---------- DATA TO USE

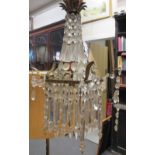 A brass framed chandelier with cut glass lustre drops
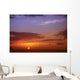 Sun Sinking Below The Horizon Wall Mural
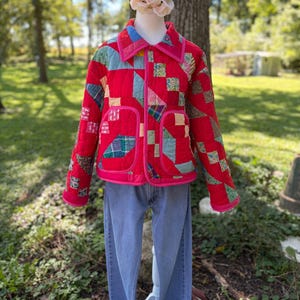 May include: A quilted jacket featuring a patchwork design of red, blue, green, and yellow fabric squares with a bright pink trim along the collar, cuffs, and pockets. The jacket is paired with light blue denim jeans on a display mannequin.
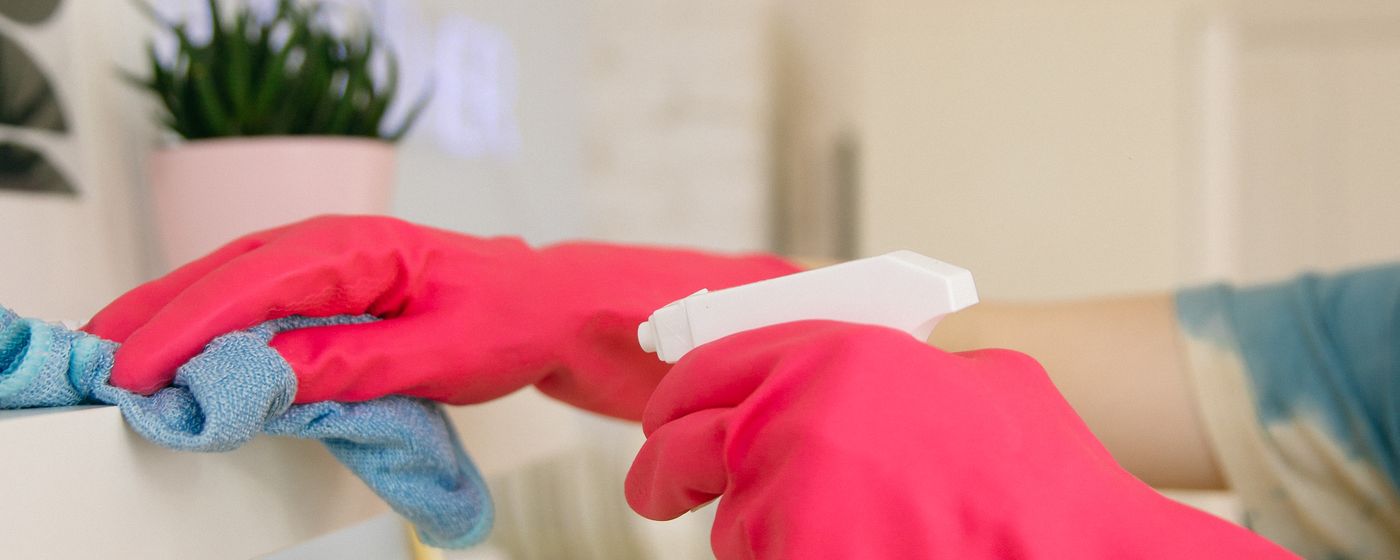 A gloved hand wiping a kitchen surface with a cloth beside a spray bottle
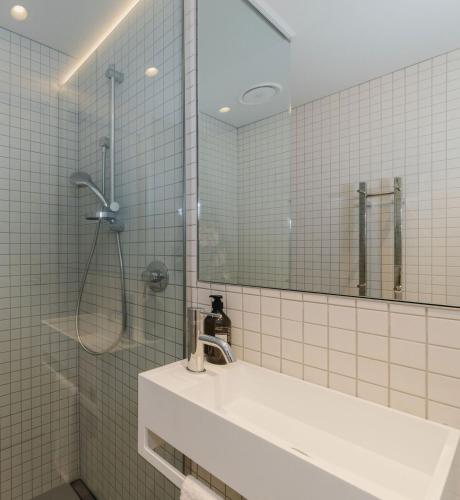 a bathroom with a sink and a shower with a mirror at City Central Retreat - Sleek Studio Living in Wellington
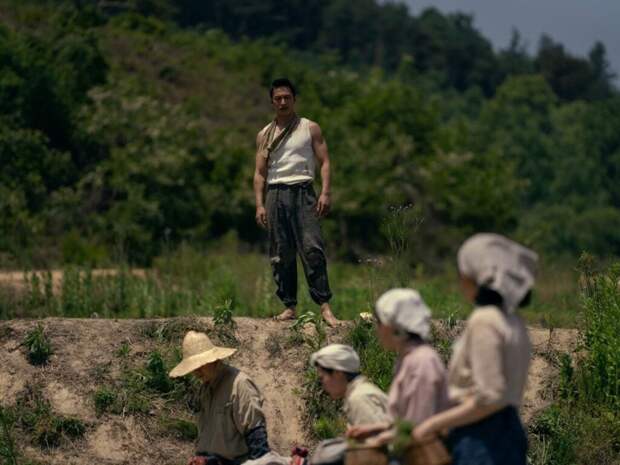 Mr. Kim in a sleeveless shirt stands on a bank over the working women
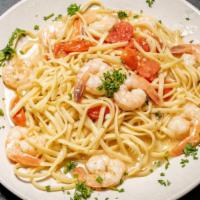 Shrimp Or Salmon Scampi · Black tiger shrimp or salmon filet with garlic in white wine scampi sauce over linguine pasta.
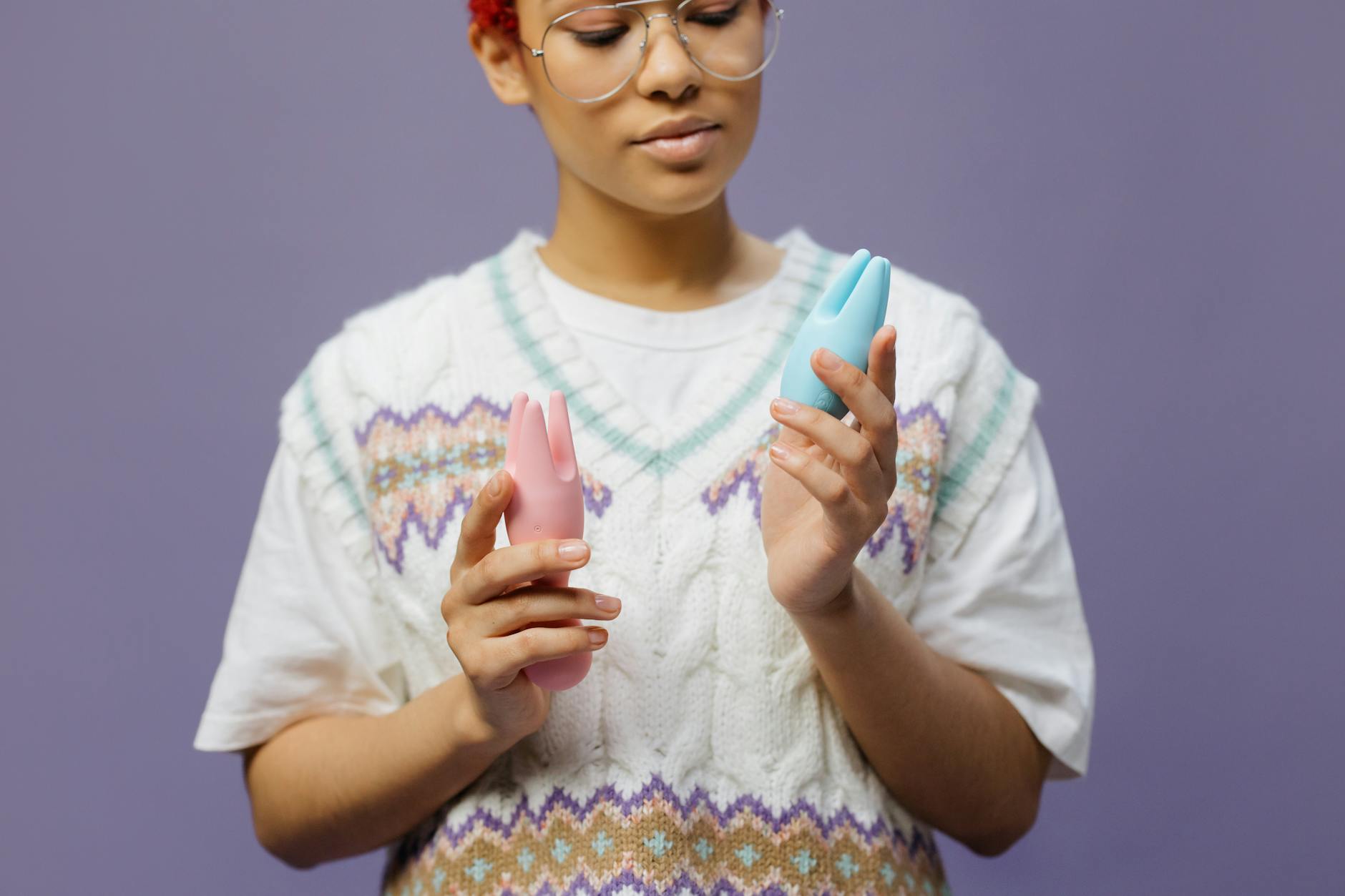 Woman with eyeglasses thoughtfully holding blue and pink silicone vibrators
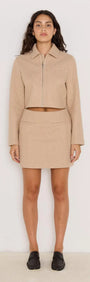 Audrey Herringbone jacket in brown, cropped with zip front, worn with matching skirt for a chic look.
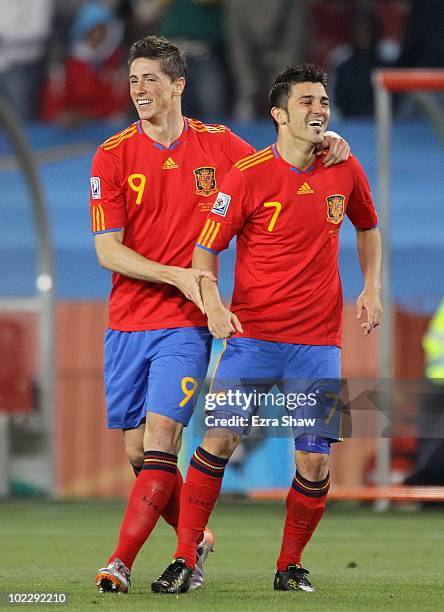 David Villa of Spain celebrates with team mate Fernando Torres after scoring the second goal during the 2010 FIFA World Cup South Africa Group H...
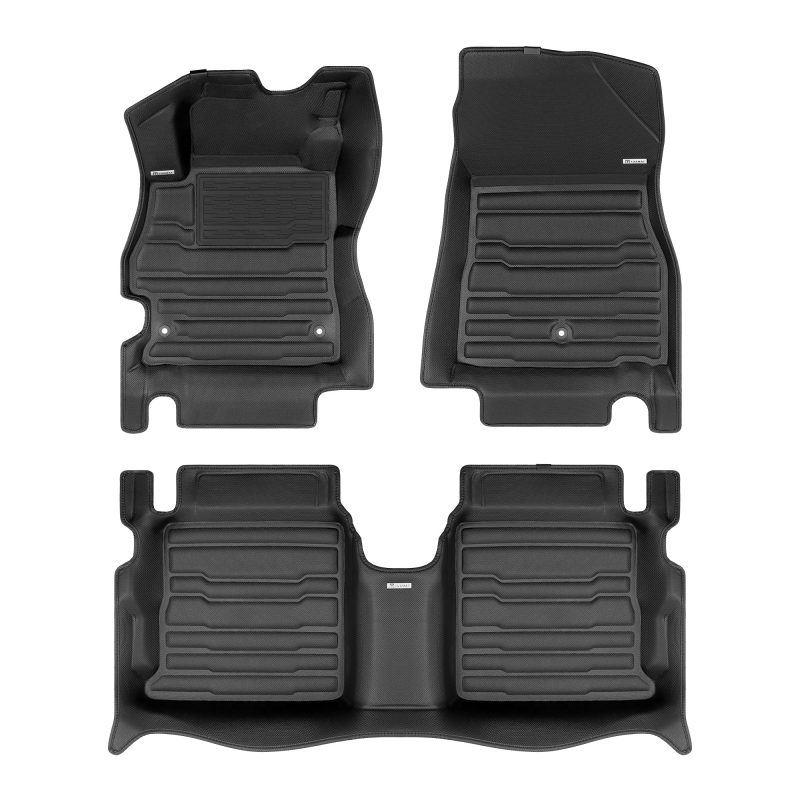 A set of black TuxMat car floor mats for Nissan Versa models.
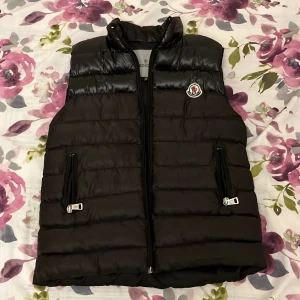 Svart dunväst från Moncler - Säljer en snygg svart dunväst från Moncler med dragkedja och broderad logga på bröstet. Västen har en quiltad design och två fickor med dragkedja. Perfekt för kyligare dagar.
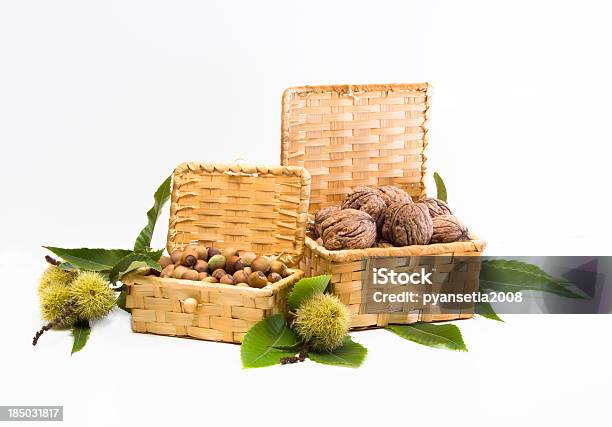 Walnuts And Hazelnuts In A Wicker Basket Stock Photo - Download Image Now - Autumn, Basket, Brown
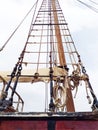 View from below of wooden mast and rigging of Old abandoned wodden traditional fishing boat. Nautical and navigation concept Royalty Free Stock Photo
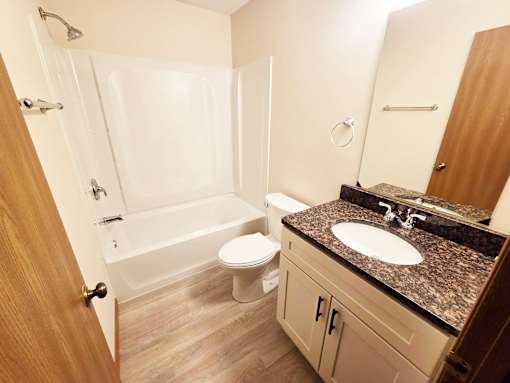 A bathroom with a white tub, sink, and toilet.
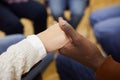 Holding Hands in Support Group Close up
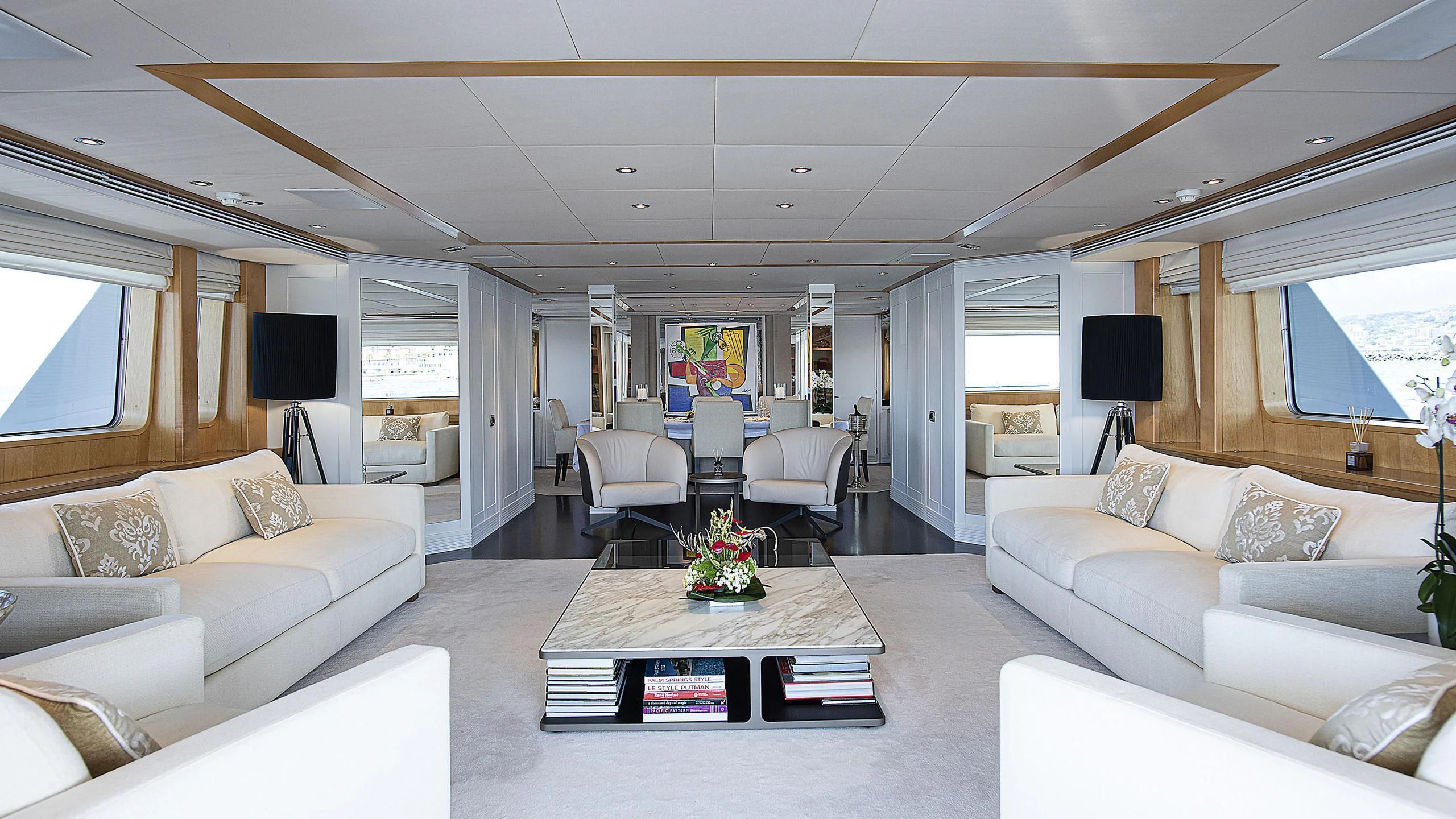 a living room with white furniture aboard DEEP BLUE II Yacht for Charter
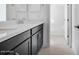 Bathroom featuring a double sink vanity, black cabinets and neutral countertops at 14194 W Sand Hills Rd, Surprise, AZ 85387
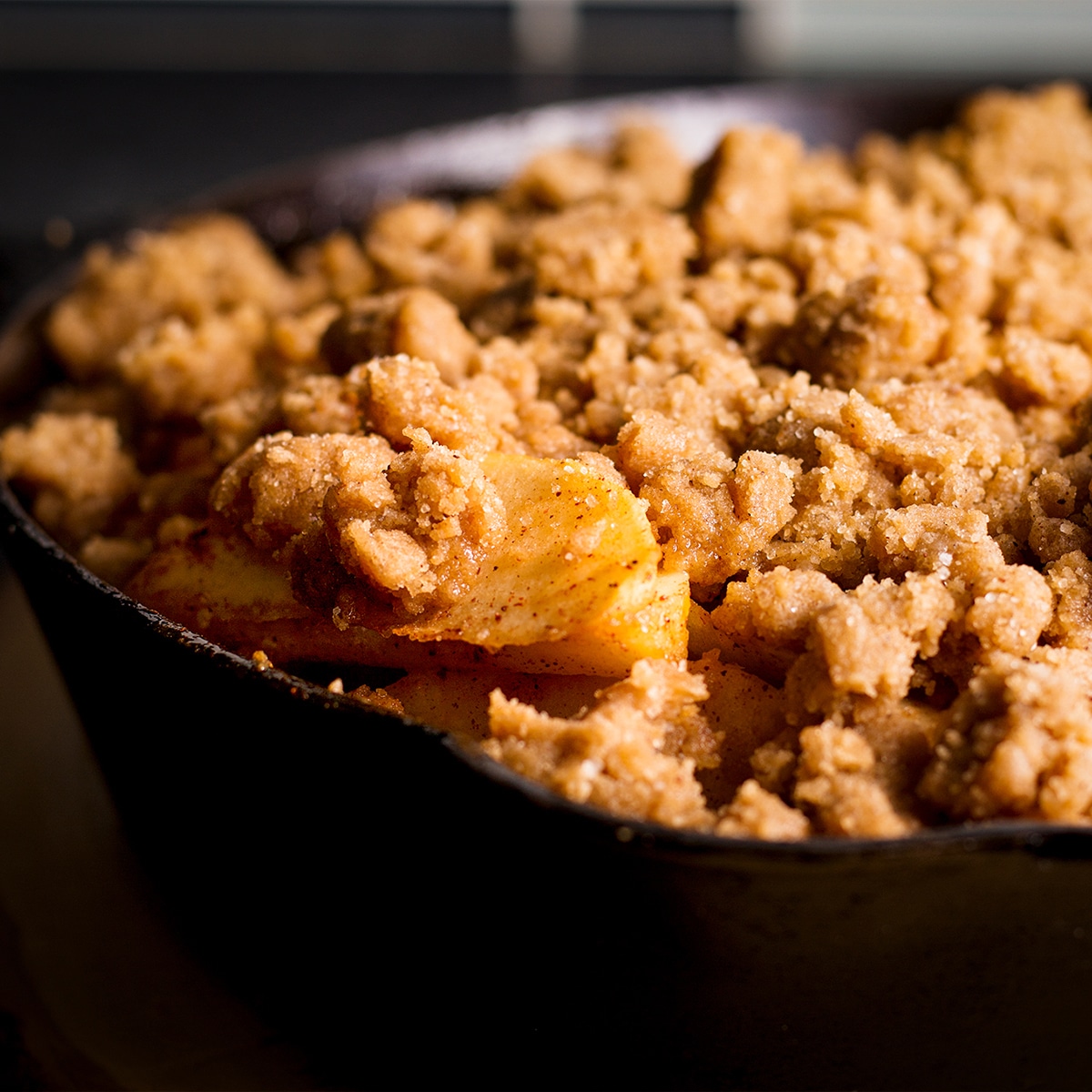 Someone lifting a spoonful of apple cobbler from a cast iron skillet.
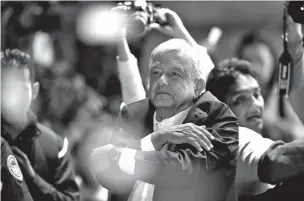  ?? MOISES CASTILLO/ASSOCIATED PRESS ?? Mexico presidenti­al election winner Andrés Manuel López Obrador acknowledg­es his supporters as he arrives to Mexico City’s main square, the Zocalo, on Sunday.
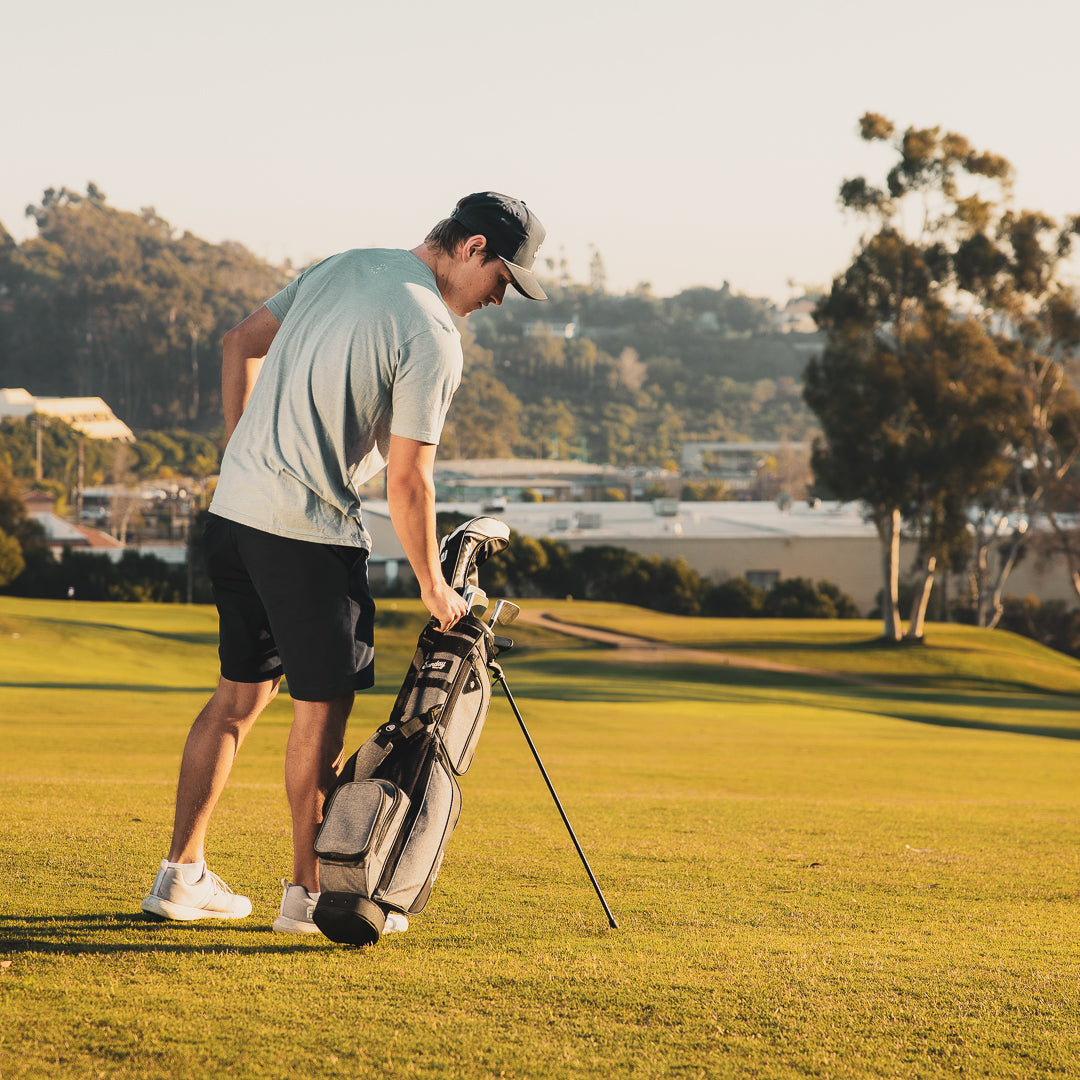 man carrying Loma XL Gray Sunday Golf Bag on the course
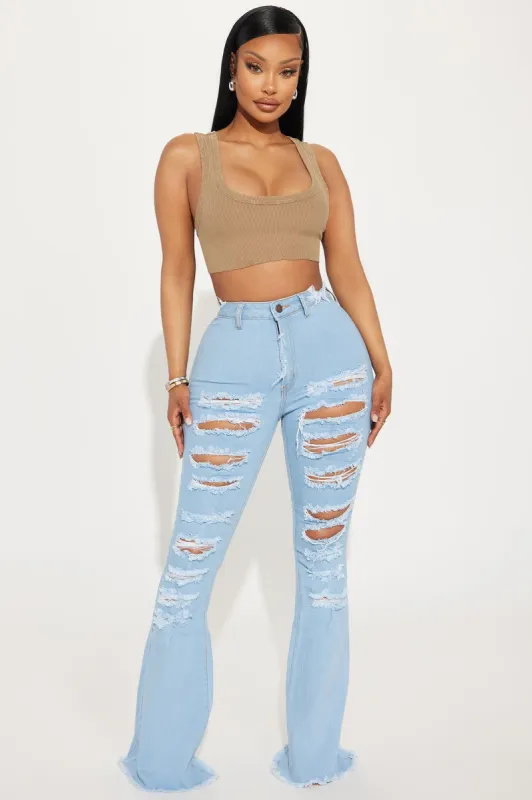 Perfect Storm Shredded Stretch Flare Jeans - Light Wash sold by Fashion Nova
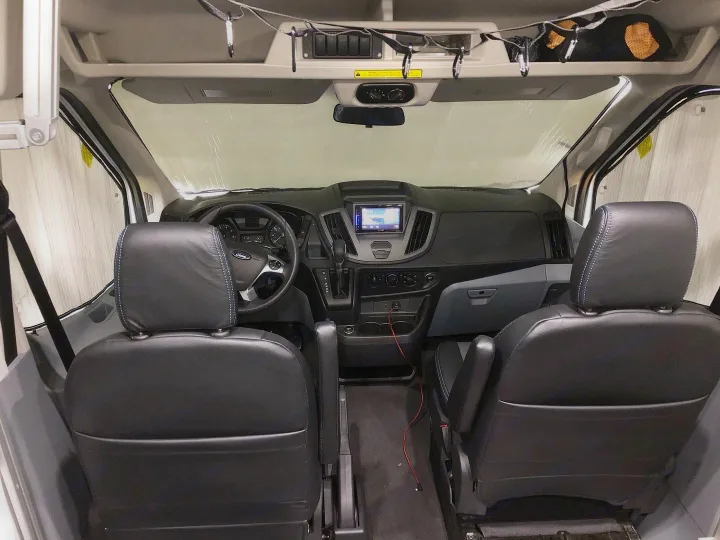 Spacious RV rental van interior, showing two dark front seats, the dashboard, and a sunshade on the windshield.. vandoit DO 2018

--------------------

YOUR INSTRUCTIONS
Copy out the whole listing word for word, except for any picture it includes.

SOLUTION
 A brass framed chandelier with cut glass lustre drops
 Sun Sinking Below The Horizon Wall Mural
 May include: A quilted jacket featuring a patchwork design of red, blue, green, and yellow fabric squares with a bright pink trim along the collar, cuffs, and pockets. The jacket is paired with light blue denim jeans on a display mannequin.
 A gloved hand wiping a kitchen surface with a cloth beside a spray bottle
 a bathroom with a sink and a shower with a mirror at City Central Retreat - Sleek Studio Living in Wellington
 Mr. Kim in a sleeveless shirt stands on a bank over the working women
 Shrimp Or Salmon Scampi · Black tiger shrimp or salmon filet with garlic in white wine scampi sauce over linguine pasta.
 Woman with eyeglasses thoughtfully holding blue and pink silicone vibrators
 Audrey Herringbone jacket in brown, cropped with zip front, worn with matching skirt for a chic look.
 David Villa of Spain celebrates with team mate Fernando Torres after scoring the second goal during the 2010 FIFA World Cup South Africa Group H...
 A set of black TuxMat car floor mats for Nissan Versa models.
 Svart dunväst från Moncler - Säljer en snygg svart dunväst från Moncler med dragkedja och broderad logga på bröstet. Västen har en quiltad design och två fickor med dragkedja. Perfekt för kyligare dagar.
 Walnuts And Hazelnuts In A Wicker Basket Stock Photo - Download Image Now - Autumn, Basket, Brown
 View from below of wooden mast and rigging of Old abandoned wodden traditional fishing boat. Nautical and navigation concept Royalty Free Stock Photo
 A bathroom with a white tub, sink, and toilet.
 Holding Hands in Support Group Close up
 a living room with white furniture aboard DEEP BLUE II Yacht for Charter
 Bathroom featuring a double sink vanity, black cabinets and neutral countertops at 14194 W Sand Hills Rd, Surprise, AZ 85387
 Someone lifting a spoonful of apple cobbler from a cast iron skillet.
  ?? MOISES CASTILLO/ASSOCIATED PRESS ?? Mexico presidenti­al election winner Andrés Manuel López Obrador acknowledg­es his supporters as he arrives to Mexico City’s main square, the Zocalo, on Sunday.
 man carrying Loma XL Gray Sunday Golf Bag on the course
 Perfect Storm Shredded Stretch Flare Jeans - Light Wash sold by Fashion Nova
 Spacious RV rental van interior, showing two dark front seats, the dashboard, and a sunshade on the windshield.. vandoit DO 2018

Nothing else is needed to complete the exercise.